### Data extract
============
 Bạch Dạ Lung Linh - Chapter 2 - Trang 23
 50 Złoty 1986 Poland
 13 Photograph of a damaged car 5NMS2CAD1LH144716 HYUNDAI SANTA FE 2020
============
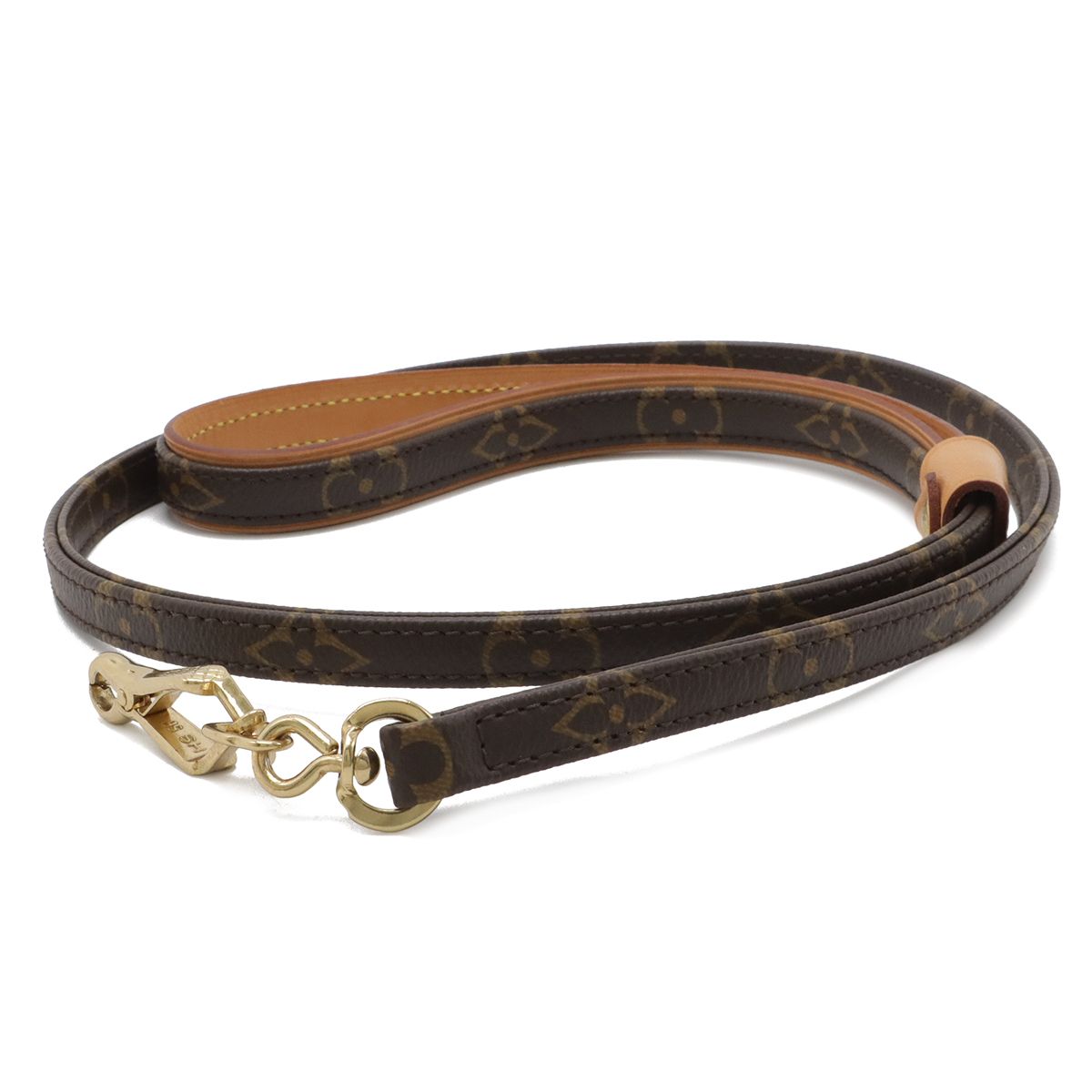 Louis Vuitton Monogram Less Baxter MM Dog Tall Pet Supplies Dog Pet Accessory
============
### Try it
Retype exactly the lines of the data above that fall between the line with "50 Złoty 1986 Poland" and the line with "13 Photograph of", inclusive, and add nothing.

### Answer box
 50 Złoty 1986 Poland
 13 Photograph of a damaged car 5NMS2CAD1LH144716 HYUNDAI SANTA FE 2020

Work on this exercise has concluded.